The original idea was simple. We knew that the people who make our industry possible are the hundreds of families who own and work on small and mid-sized forests in woodbaskets around the country. But our customers didn’t always know that, and many end consumers didn’t know it either.
So our first few videos showcased real tree farmers, in places like Oregon and Alabama and Arkansas. In each case they were multi-generation families—folks who were also soybean farmers and cattle ranchers or who had other day jobs (in one case, as a forester for a member company) and who used their forests not just for pulping and logging, but for recreation, hunting, birdwatching, hiking and the like. We wanted our audiences to know that, in addition to being prerequisites for sustainable paper and packaging products, responsible forestry and good stewardship are critical to the full, healthy life of a forest.
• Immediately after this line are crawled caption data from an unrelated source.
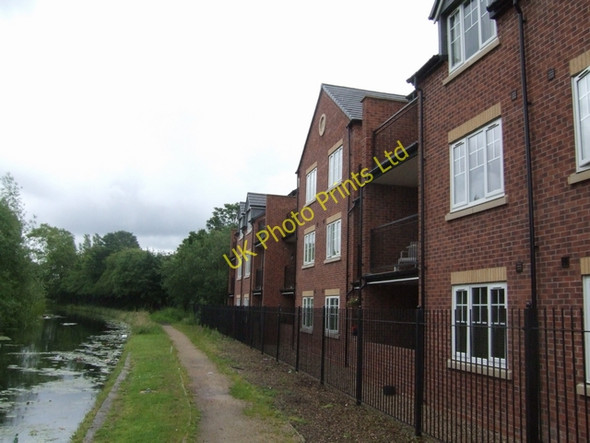 Photo 6"x4" Canalside housing at Lane Head Willenhall\/SO9698 c2007
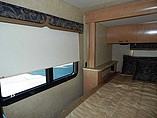 2015 Thor Motor Coach Four Winds Photo #13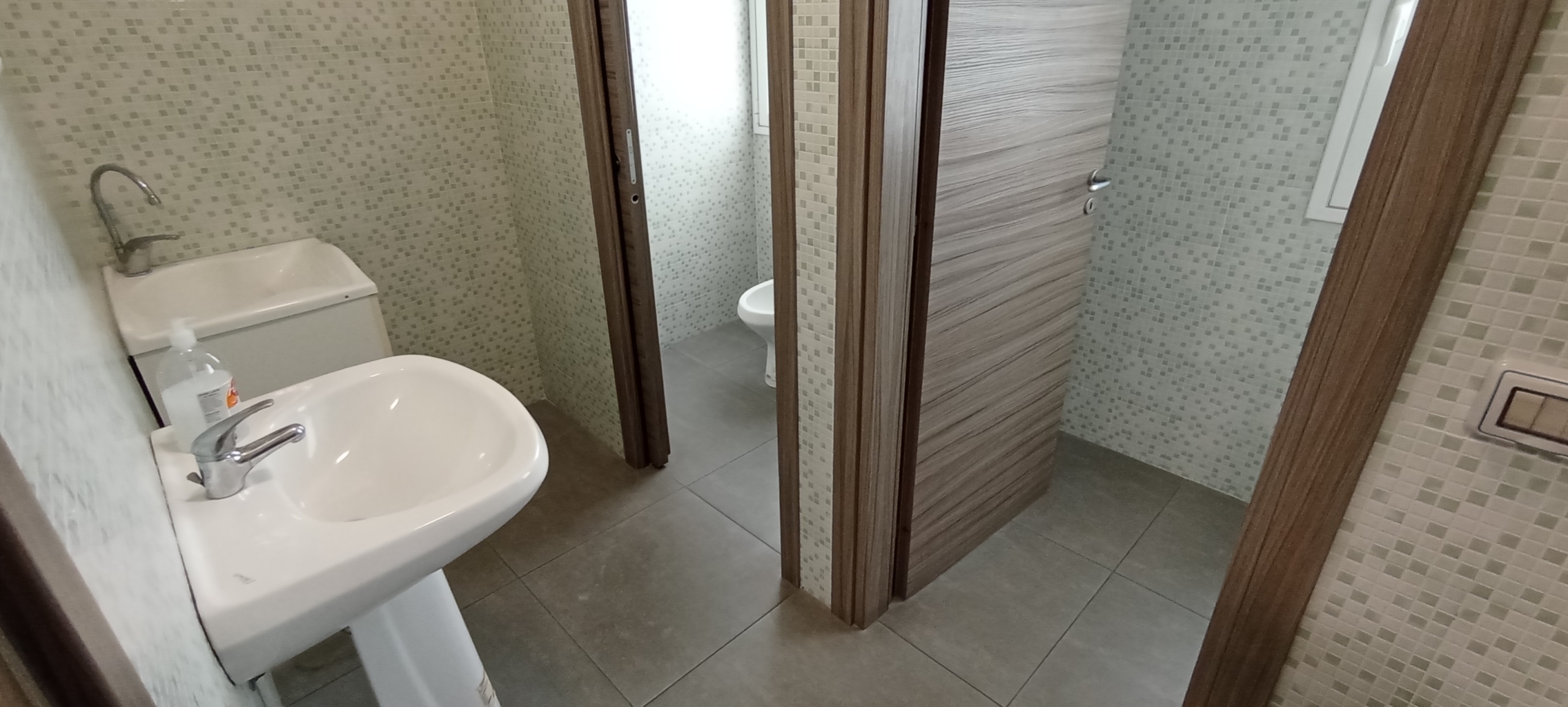 Immagine 15 di Ufficio in affitto  a Ragusa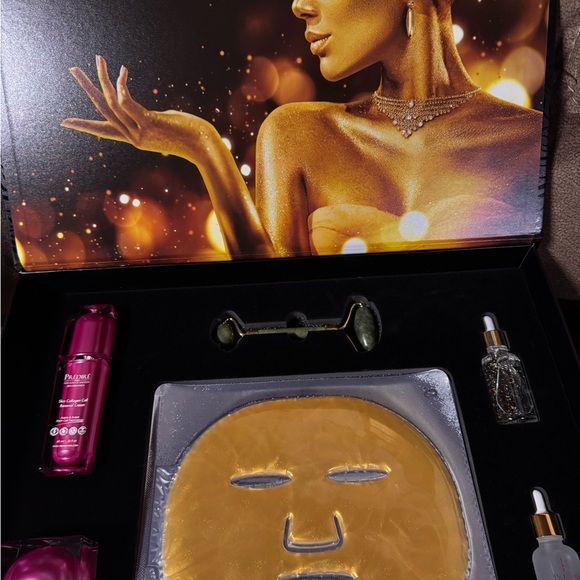 Predire Skincare Set with Gold Face Mask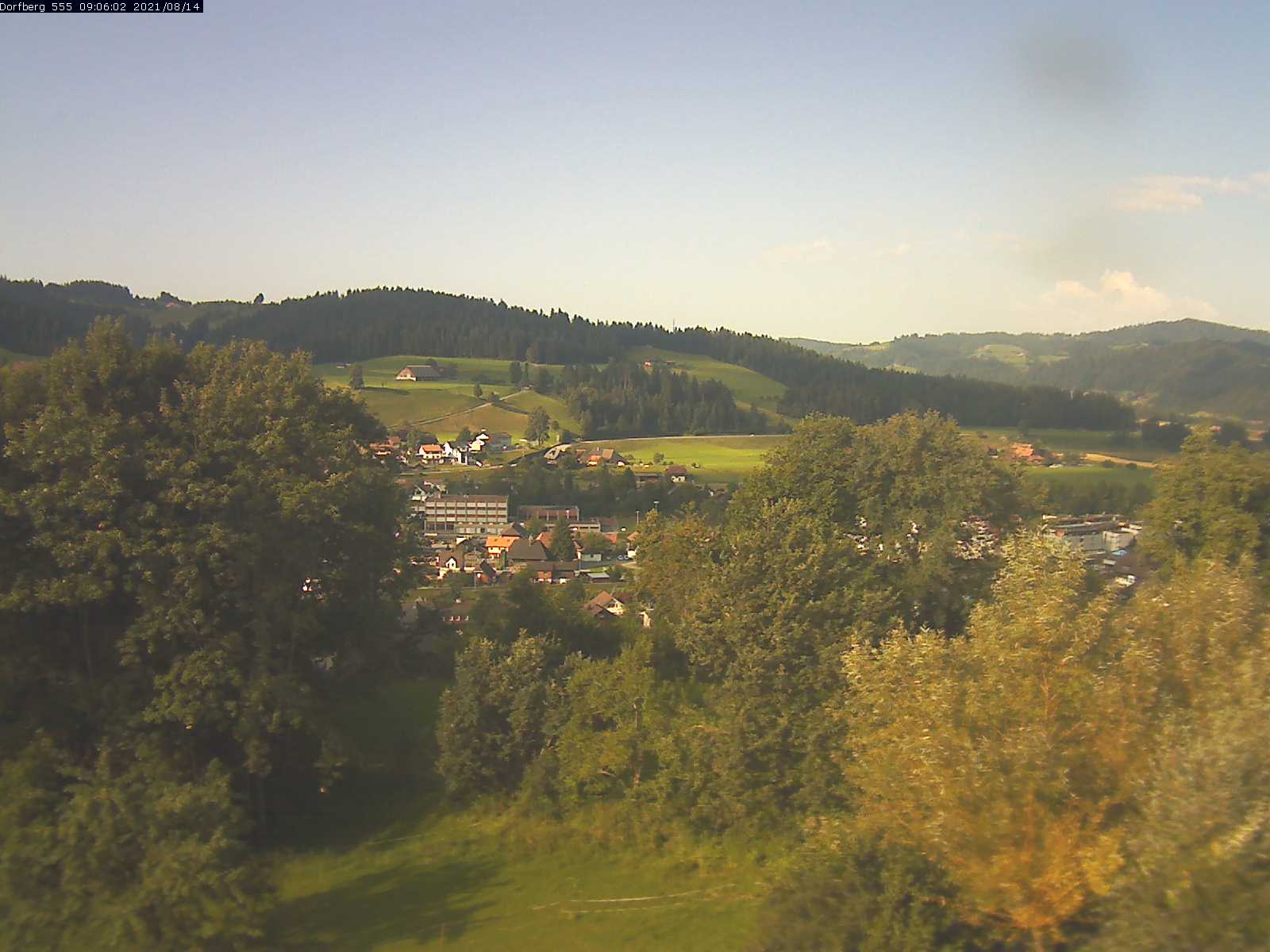 Webcam-Bild: Aussicht vom Dorfberg in Langnau 20210814-090601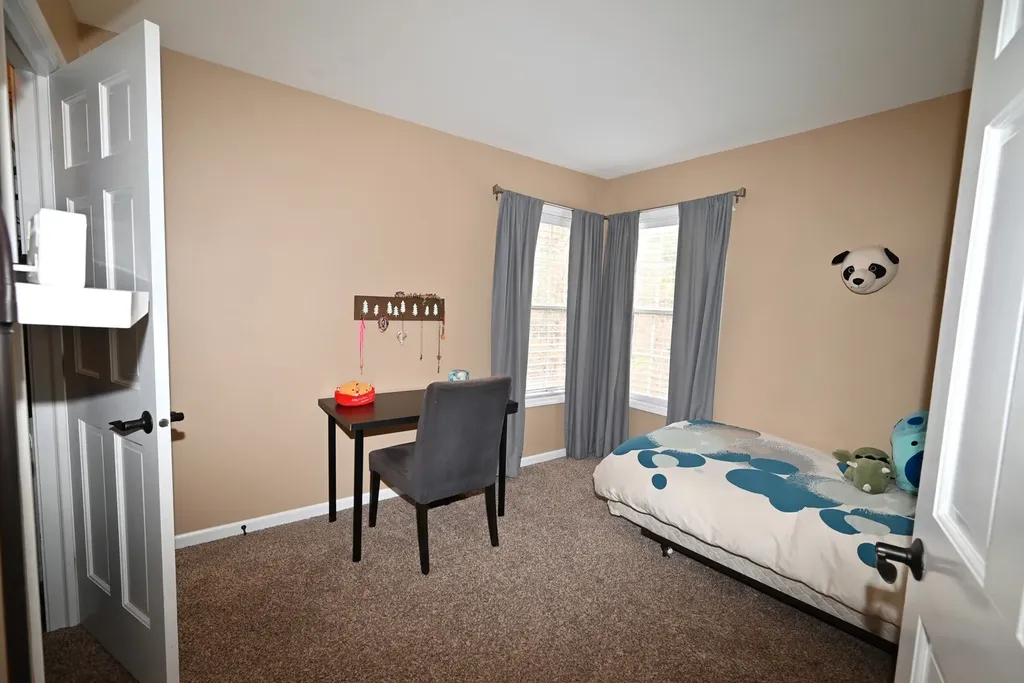 1216 William Drive Lake Zurich IL 60047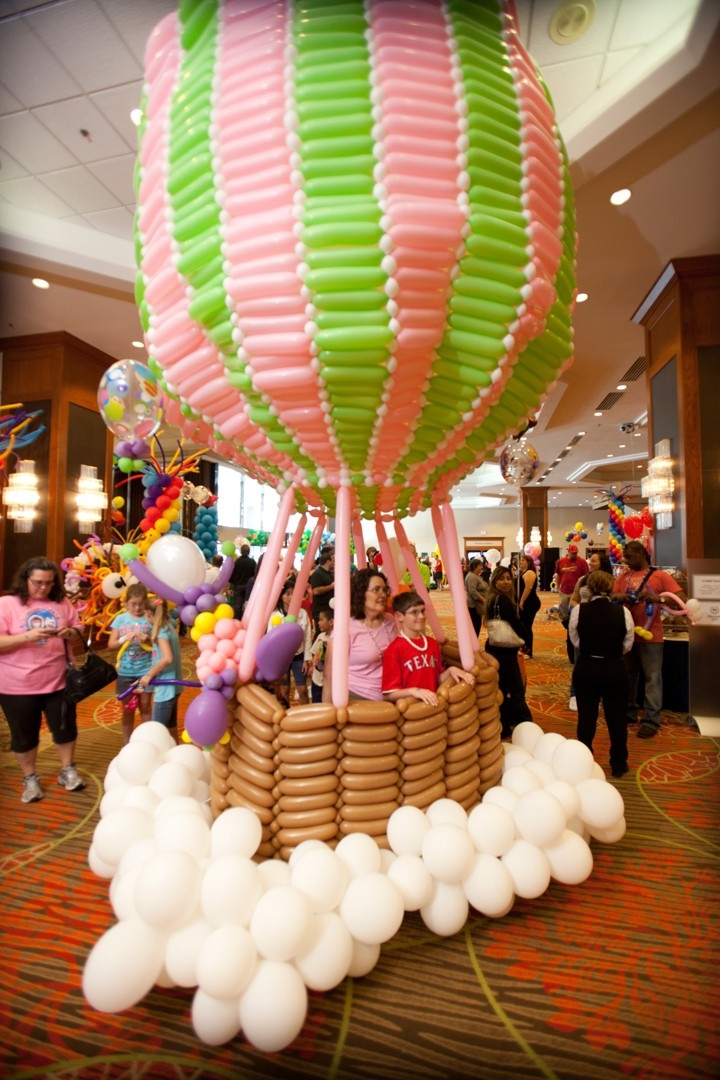 24 Epic Balloon Sculptures To Really Get The Party Poppin'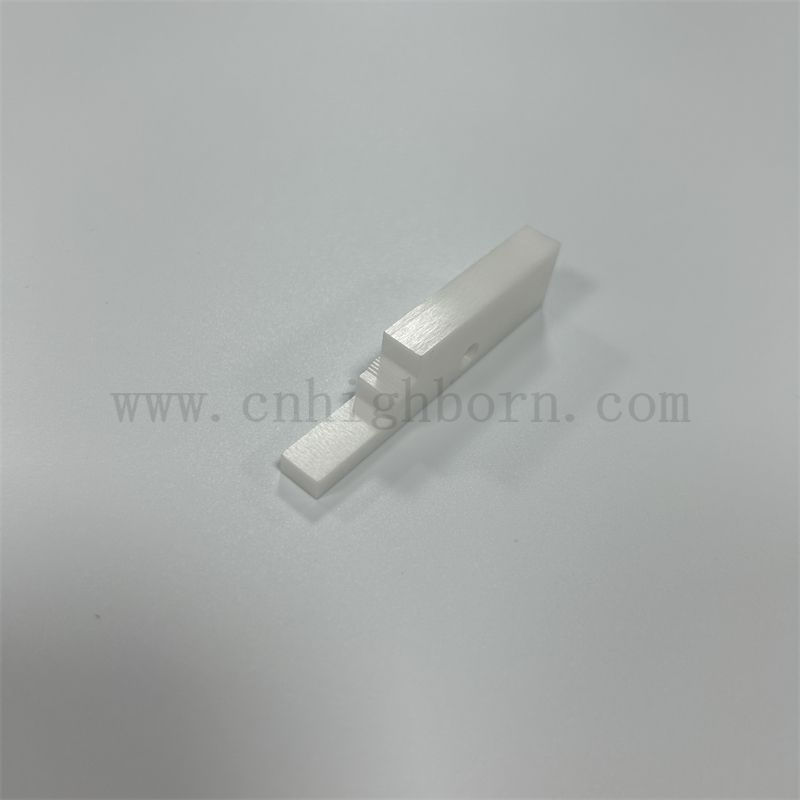 MACCHINAZIONE DI PRECISIONE MACCHINAZIONE CARRROSIONE COSTALE CERAMICA CERAMICA ZRO2 con foro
As the years went on, we expanded the scope of Faces of the Forest to include things like a municipally-owned forest in Maine, a forest owned by a paper mill, and a working forest located inside a public park.
But our latest video is our biggest swing yet. For the first time we’re looking at a forest located in an urban environment. In this case, forest being developed by the Stillmeadow Community Fellowship church on the Baltimore city / Baltimore County line.
The Stillmeadow Peace Park, as it’s called, is a wonderful story in its own right. It’s used as a retreat and place of quiet, a gathering place, a research station (including for both the U.S. Forest Service and graduate students at nearby universities), a community service center, and an outdoor classroom for children of all ages. You’ll see as soon as you meet them in our video that the faith leaders, educators and scientists who gather at Stillmeadow are as committed to the park’s forest as any forest landowner we have interviewed. That is why this latest installment of the Faces of the Forest can draw the implicit connection between the kind of forest stewardship at work (and at play) in Stillmeadow, and the kind you find in the working forests that supply our industry. It’s not the most direct or the most obvious connection, but it’s real and it’s deep.
The same way family foresters must think holistically about the land—planning long-term for soil, water and wildlife health, and incorporating their plans for selective harvests into the natural life cycle of their tree stands—so too do the stewards of Stillmeadow have to think about their many different goals for their land. They’re actively developing some parts of it while remediating other parts and are conducting long-term experiments on other areas. And in each case, they are trying to balance the many purposes their forest serves for their community, the same way family foresters balance harvests against other purposes and priorities.
We’re proud of this installment and think you will be, too. We want our audiences to understand that when it comes to the health of our forests, our industry has many of the same priorities in the remote and rural locations where we largely work, as the Stillmeadow community has in the dozen acres of urban forest that they call their home away from home.